Beer was not the focus of any of the questions asked during the forum, which was moderated by Tim Kucharuk of CKRW.
Instead, questions were concerned with the modernization of Whitehorse parking meters, what mayoral success means to each candidate, building reconciliation with the First Nations, public transit, and the city potentially being subject to the Access to Information and Protection of Privacy Act. Right now, the city doesn’t fall under ATIPP, which, among other things, protects personal information and gives individuals access to government records.
Responding to a question about where housing improvements are needed in the city, and what one innovative approach might be to solving the crisis, mayor Dan Curtis brought up the Cornerstone building the city contributed $1 million to this year, and recited numbers on unit availability for 2018. He said there’s a lot of talk about the housing crisis, but that he doesn’t think things are as grave as they seem.

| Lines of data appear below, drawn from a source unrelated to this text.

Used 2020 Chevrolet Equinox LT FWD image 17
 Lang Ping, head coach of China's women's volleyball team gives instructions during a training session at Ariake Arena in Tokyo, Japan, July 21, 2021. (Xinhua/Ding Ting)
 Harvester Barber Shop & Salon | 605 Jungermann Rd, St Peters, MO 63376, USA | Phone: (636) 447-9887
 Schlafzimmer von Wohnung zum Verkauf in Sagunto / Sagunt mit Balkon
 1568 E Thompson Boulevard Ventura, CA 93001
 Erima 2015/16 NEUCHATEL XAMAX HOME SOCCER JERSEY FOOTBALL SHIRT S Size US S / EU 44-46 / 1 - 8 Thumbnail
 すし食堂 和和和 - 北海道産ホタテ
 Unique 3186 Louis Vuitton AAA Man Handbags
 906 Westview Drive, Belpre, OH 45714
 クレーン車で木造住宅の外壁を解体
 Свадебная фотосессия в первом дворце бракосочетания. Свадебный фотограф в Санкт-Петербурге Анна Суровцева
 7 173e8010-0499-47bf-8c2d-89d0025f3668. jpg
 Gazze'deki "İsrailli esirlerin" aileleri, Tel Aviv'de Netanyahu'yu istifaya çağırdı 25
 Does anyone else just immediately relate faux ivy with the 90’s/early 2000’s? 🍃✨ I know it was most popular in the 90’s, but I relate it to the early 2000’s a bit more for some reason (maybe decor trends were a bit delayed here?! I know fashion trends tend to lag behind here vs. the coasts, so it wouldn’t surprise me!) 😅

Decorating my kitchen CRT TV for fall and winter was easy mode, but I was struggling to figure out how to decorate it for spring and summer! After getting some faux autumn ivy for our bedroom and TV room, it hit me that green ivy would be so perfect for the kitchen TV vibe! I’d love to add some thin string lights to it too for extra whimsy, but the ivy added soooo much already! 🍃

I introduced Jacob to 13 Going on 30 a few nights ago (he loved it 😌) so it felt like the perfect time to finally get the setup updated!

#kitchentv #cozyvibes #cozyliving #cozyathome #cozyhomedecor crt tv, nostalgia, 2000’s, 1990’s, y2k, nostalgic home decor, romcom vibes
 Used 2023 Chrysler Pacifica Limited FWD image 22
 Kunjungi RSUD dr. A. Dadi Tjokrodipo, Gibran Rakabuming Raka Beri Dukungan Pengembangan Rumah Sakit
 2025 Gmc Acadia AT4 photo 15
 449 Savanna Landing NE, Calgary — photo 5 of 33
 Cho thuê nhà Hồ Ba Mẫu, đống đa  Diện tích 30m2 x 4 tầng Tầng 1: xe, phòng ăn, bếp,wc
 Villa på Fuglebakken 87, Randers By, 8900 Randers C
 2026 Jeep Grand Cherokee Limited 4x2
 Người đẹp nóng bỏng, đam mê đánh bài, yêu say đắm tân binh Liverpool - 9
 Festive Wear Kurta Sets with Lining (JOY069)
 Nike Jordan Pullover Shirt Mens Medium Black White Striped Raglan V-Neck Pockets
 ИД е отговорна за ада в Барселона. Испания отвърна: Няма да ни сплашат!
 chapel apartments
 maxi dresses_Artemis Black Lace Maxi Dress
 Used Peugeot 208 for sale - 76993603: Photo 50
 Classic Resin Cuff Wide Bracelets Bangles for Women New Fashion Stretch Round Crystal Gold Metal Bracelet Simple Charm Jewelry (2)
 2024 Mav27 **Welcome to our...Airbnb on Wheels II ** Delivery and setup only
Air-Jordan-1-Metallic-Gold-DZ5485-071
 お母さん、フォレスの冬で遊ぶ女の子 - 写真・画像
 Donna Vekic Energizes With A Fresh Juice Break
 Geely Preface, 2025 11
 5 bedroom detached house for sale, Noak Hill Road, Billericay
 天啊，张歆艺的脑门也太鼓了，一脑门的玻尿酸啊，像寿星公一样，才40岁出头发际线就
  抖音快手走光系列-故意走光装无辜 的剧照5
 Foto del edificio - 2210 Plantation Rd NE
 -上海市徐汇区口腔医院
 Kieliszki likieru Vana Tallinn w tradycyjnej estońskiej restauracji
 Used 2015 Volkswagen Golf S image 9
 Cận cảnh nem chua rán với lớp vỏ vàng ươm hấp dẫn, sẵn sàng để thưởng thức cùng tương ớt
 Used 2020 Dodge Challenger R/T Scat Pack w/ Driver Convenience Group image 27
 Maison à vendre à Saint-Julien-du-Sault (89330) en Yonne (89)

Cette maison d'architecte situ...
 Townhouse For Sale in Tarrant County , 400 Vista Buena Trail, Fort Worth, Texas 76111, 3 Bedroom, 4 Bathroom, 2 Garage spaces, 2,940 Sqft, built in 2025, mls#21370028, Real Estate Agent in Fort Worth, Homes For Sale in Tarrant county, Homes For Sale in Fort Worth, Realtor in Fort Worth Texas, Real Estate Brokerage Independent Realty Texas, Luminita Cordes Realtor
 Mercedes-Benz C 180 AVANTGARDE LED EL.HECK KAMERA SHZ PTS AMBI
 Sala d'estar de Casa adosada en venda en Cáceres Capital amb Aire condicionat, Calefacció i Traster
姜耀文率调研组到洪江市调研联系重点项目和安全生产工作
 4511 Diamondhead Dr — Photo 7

Colin LaForme, a city bylaw officer, said he knows the city is working on land availability, but the cost of lots are not feasible for most residents, from low-income to middle-class residents. He said he’d like to see the city focus less on single-family homes and more on solutions including more tiny homes, community living, and building up instead of out.
LaForme also said part of the issue, in his mind, is that the city doesn’t have a large role in land development. He said Whitehorse should lean on the territorial government to create more options, and look within existing bylaws to create more opportunity for densification.
Wilf Carter said the biggest issue around the housing crisis is money. He said the city needs more housing money from the federal government. He also said the Ta’an Kwäch’än Council and Kwanlin Dün First Nation are sitting on land that could be developed.
“We have to have a plan and all the players at the table as partners,” said Carter.
Rick Karp focussed on developing downtown at 5th Avenue and Rogers Street. Karp said density and affordability are key when it comes to addressing the housing crisis, which affects everyone from new buyers, to seniors who can’t realize a return on investment when they downsize because even smaller units are expensive now.
Every candidate asked said he was in support of the city being subject to ATIPP, though Curtis said he thinks the city is already transparent.
Carter disagreed with that, saying he has tried and failed to find statements online about where city money is being spent. Carter came close to attacking Curtis a number of times, referring to him as “this guy” and had to be reminded by Kucharuk not to do so.
LaForme said that, while he wasn’t well-versed in the legislation surrounding ATIPP, he is for protecting the privacy rights of citizens.
Karp said there’s no evidence the city isn’t following guidelines when it comes to privacy protection, but that it could be a positive thing that would only lead to greater transparency, fairness and equal rights
Overall, Curtis focussed on highlighting the work council has done in its previous term, saying that, even if he’s not elected this year, he feels he and current members of council can hold their heads high knowing the changes that have been made in the last three years.
LaForme emphasized open lines of communication with all residents. He said his work as a teacher, a corrections officer, and a bylaw officer mean he’s approachable and level-headed.
“I’m a great listener but I want to hear what you have to say,” he said.
Carter leaned heavily on what other jurisdictions, from Alberta to Nova Scotia, have done to address issues including housing, disadvantaged populations, and traffic.
“We can learn a lot from other people,” he said. “We don’t have to re-invent the wheel. The wheel was invented 5,000 years ago.”
Karp said he wants more involvement from the residents of Whitehorse. From everything from business incentives, to addiction, to reconciliation with the First Nations, he put a focus on speaking with individuals and developing relationships, something he said he did frequently as president of the Chamber of Commerce.
The Whitehorse municipal election takes place Oct. 18.